All of this comes to a final head when the killer is revealed near the end. I'm not going to reveal which of the characters it really is, but MAJOR SPOILER he/she is one of the younger generation, and gives a long tirade about the role of the Internet, at one point yelling "We all live in public now, and to be famous you don't have to do anything great; you just have to do something fucked up. I don't want friends--I want fans." I wish I could find a copy of the film to find this speech again, because there was a lot more to it; I'll come back and revise this once I have a chance to see the movie again, but it makes many of the themes I've been pointing to here at least somewhat explicit, and also reveals the movie's greatest flaw--even though it's aware of these issues, it's ultimately still being directed, written, and produced not by digital natives (or even young immigrants), but by folks from the Old Country. In the end, all of this ubiquitious computing is cast very negatively, and it's suggested that the killer was driven to this in virtue of being immersed in a culture that encourages shallowness, extreme pragmatism ("we are whatever we need to be," says the killer), and amoral narcissism.

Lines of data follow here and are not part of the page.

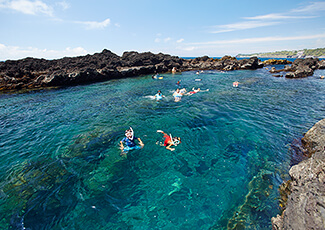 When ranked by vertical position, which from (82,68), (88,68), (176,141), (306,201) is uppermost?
(82,68)

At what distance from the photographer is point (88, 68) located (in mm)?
39938

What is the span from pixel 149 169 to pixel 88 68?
131 ft

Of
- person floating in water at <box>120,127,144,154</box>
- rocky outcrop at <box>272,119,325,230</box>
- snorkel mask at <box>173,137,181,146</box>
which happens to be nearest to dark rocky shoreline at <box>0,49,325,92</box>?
person floating in water at <box>120,127,144,154</box>

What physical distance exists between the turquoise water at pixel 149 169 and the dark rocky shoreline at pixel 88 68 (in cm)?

SPOILER When the killer is finally defeated (by the just-barely-still-relevant Campbell), it is with a set of defibrilation paddles--the ultimate wired, analog technolgy finally triumphing over the digital menace.

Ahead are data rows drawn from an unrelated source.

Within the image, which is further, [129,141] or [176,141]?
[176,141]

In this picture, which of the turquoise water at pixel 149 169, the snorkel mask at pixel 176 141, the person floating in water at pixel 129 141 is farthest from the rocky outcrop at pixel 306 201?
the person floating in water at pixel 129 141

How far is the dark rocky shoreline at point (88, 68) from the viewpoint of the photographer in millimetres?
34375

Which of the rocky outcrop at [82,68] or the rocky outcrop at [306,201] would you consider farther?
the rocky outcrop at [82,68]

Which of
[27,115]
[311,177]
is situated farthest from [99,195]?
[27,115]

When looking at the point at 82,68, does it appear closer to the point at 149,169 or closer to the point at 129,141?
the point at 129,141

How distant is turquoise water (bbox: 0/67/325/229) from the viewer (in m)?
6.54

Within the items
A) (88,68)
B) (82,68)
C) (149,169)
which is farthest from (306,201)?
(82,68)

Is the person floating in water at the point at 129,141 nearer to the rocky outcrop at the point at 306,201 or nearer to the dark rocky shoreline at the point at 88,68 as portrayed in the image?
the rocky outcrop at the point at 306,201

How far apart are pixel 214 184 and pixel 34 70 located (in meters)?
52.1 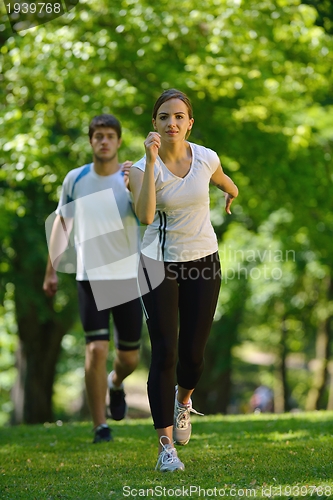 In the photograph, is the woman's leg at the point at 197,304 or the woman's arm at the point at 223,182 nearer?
the woman's leg at the point at 197,304

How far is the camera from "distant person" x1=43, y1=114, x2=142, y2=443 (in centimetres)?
632

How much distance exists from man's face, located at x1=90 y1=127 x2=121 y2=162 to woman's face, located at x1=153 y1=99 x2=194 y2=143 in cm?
171

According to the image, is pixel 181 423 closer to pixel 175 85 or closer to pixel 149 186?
pixel 149 186

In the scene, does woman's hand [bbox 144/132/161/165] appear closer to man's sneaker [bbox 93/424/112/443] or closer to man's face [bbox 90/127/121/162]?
man's face [bbox 90/127/121/162]

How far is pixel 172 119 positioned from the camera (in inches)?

If you want to see what the world is going to look like as the next generation starts to assume power, this is the movie to watch. You can see the writing on the wall here; the characters were born in the metaverse, and treat ubiquitous digital technology, social networking, self-referentiality, and remix culture not as novelties, but simply as part of the background against which they operate. These things are moving out of the fringes and being integrated into the mainstream of popular culture; as that move happens, it opens the door for new ways to define genre, and starts to suggest new conventions. This is beyond simple remix; the meta aspect of the 2000s has started to settle down and become just another facet of creative culture as a generation born to the Web starts to define itself in contrast to those who have come before. It's very, very exciting to watch.